At moderate listening volumes, performance was much better than when I tried to crank it. HTiBs are not well known for performing well at high volumes, as they usually don't have enough power to sustain such volumes without exhibiting various deficiencies. However, the HT-S94000THX includes a fully functional, 130-watt-per-channel AVR, so I was expecting more, though I'm sure the problem is with the speakers, not the AVR.

On a more positive note, the surround soundfield was convincing and accurate. Movement from channel to channel was smooth and didn't exhibit any fluctuations in timbre.
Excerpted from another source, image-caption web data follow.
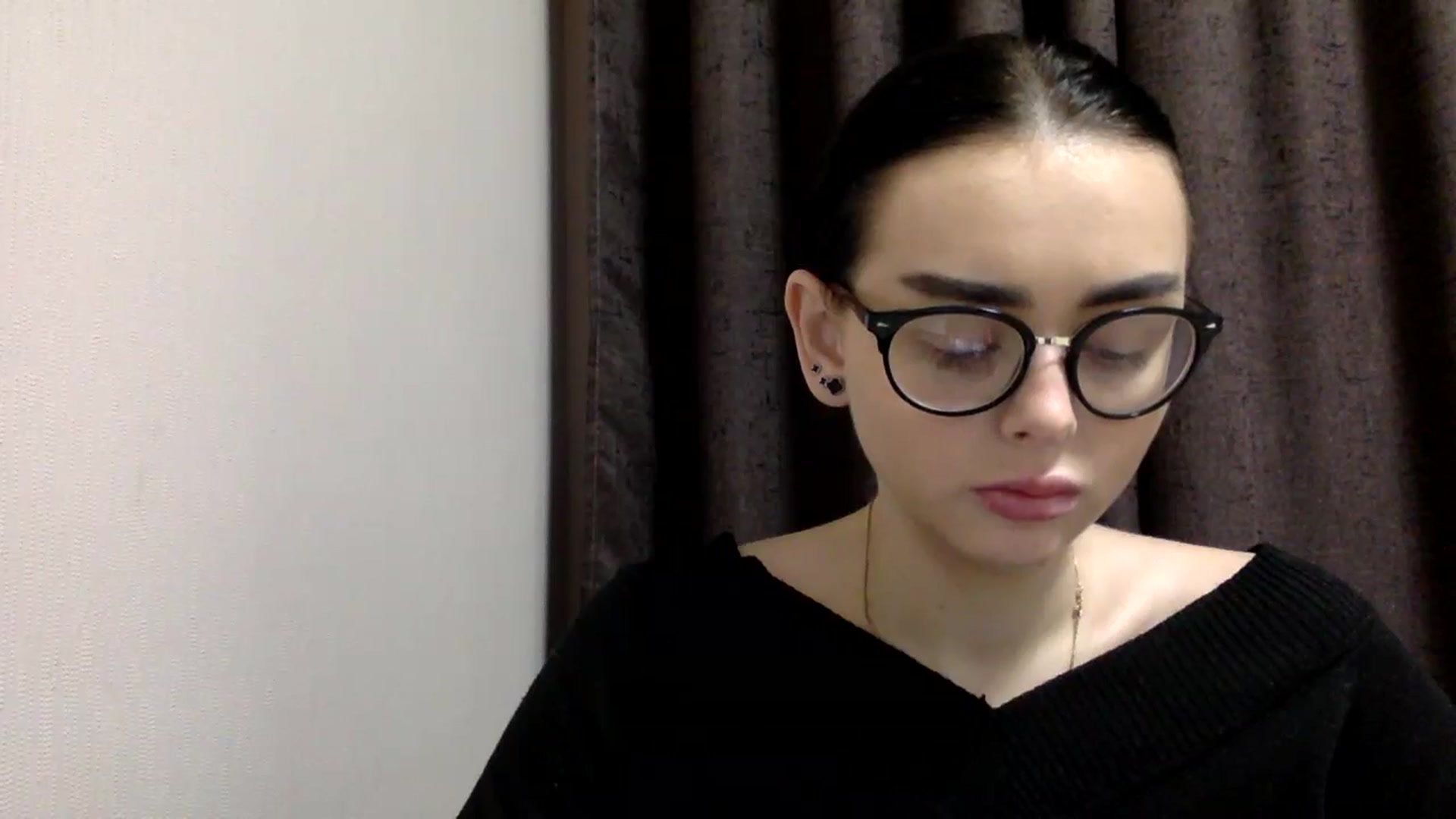 Gallery image thumbnail from EmilyJones's myfreecams stream on, 12/26/2024, 14:23 image 6 of 20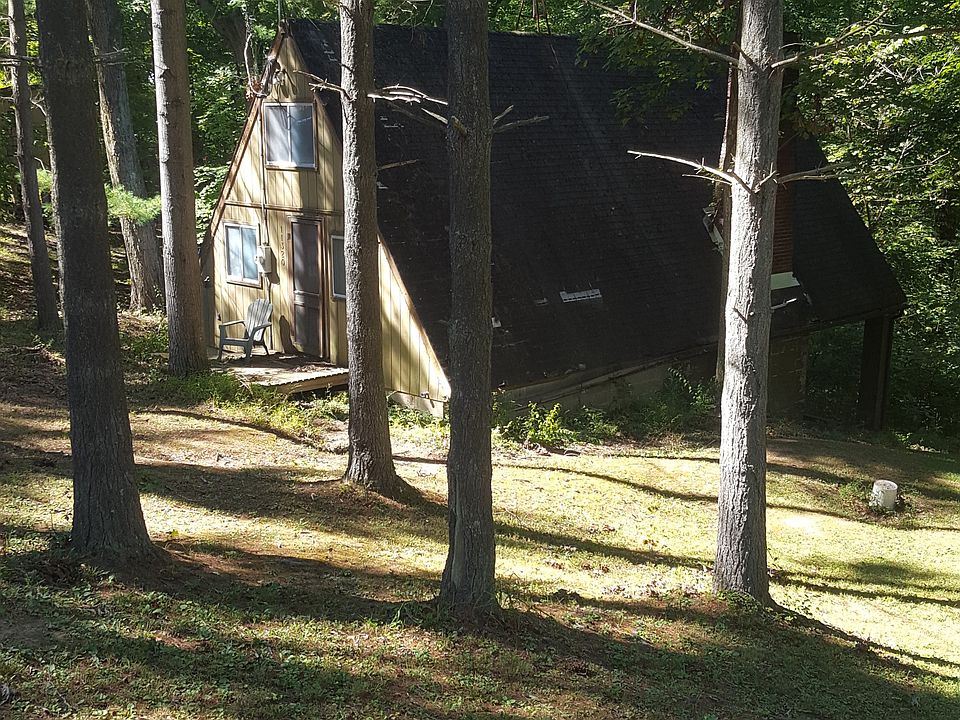 Exterior view and side lawn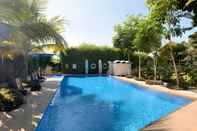 Swimming Pool Hotel Kusma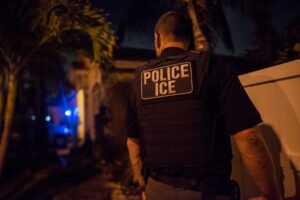 Renuncia Todd Lyons, jefe interino del ICE y supervisor del plan de deportación masiva de Trump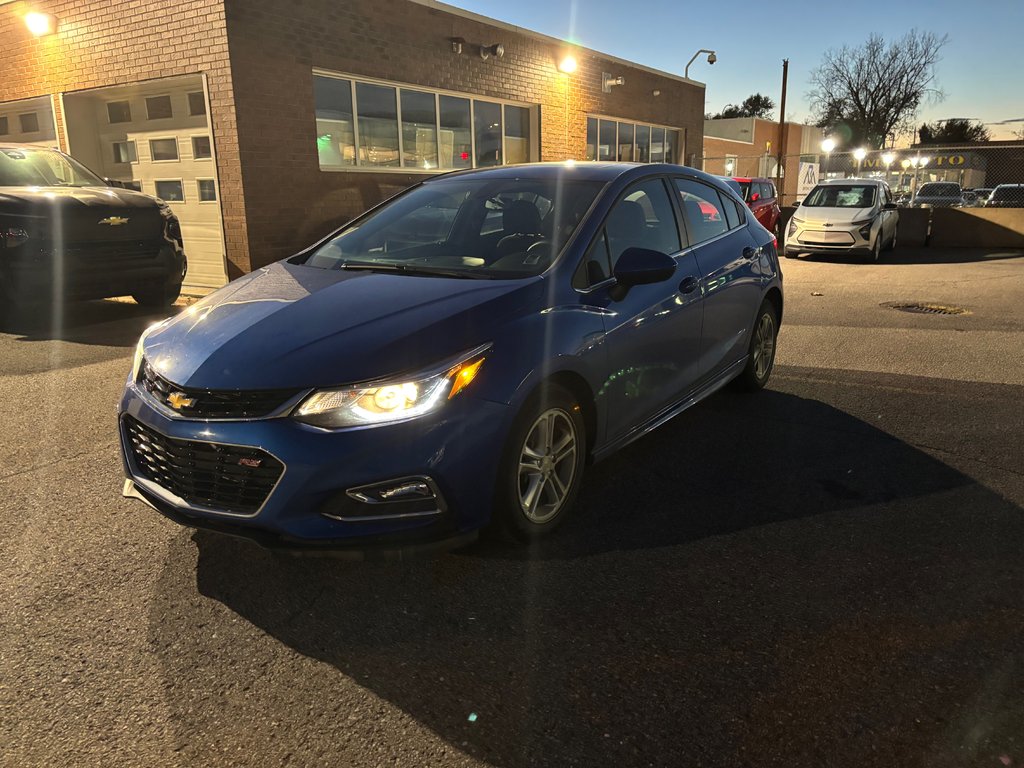 Chevrolet Cruze LT 2018 à Montréal, Québec - 3 - w1024h768px
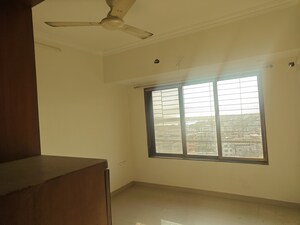 Room in 2 BHK Apartment at Oriental Heights, Seawoods – for Rent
However, the soundfield was fairly restricted, resting squarely within the borders of the speaker array. It didn't project further out into the room to create a more immersive soundstage.

Another item for the plus column is the Qdeo video processor's performance. It passed every one of our tests with flying colors, including some that some far more expensive AVRs have failed. See the Video Test Bench for more on this.

As I sit here writing my opinion of this product , I am reminded of the axiom, "Beauty is in the eye of the beholder." In this case, modify it to say, "Performance is in the ear of the listener." After years of listening to these types of products, I have developed an ear for the small yet perceptible subtleties in audio performance. I was concerned that I might be exhibiting some audio snobbery in my evaluation, and I shouldn't assume I hear things more acutely than other people. Still, I have to divulge exactly what I personally experienced.

If the HT-S94000THX were a few hundred dollars less with the exact same components, I might be more inclined to forgive some of it's performance deficiencies, since any serious alternatives would be severely limited, if even available.

Granted, $1,100 isn't a boatload of money, but it's not chump change either, and at that price, you have some other options. While the HT-S94000THX may well be the best in it's class, it's not the best you can get for the money. Onkyo still wins with the TX-NR609 AVR, which is one of our favorites here at Home Theater magazine. At $599, it's one of the best AVRs in its class, plus it offers one more HDMI input compared to the HT-R990. You can pair it with the top-rated $528 Pioneer SP BS41 5.1 speaker system (reviewed here) for essentially the same price as the HT-S9400THX, and an extra $150 gets you a 7.1 system.

In the final analysis, the real problem with this system is the speakers. As I mentioned previously, they are inexpensively made, and their light weight suggests there isn't much to them. While they use high-quality drivers, that makes little difference if those drivers are placed in imperfect enclosures.

Onkyo has set the bar high with their previous HTiB systems, and I'm not sure what happened with this flagship model. I suspect the company wanted to hit a certain price point with the world's only THX-certified HTiB. The fallacy here is that THX certification trumps everything else, but in my opinion, it doesn't. THX certification means the system meets the minimum requirements for that certification (THX offers several certification levels depending on the product category), leaving lots of room for speakers, THX-certified or not, to far exceed those requirements.

From the specs and features alone, the HT-S94000THX looks like a clear winner, and the HT-R990 is as good as anything in Onkyo's regular lineup. Regrettably though, I couldn't give it our coveted Top Pick status because ultimately its audio performance was only passable, not stellar.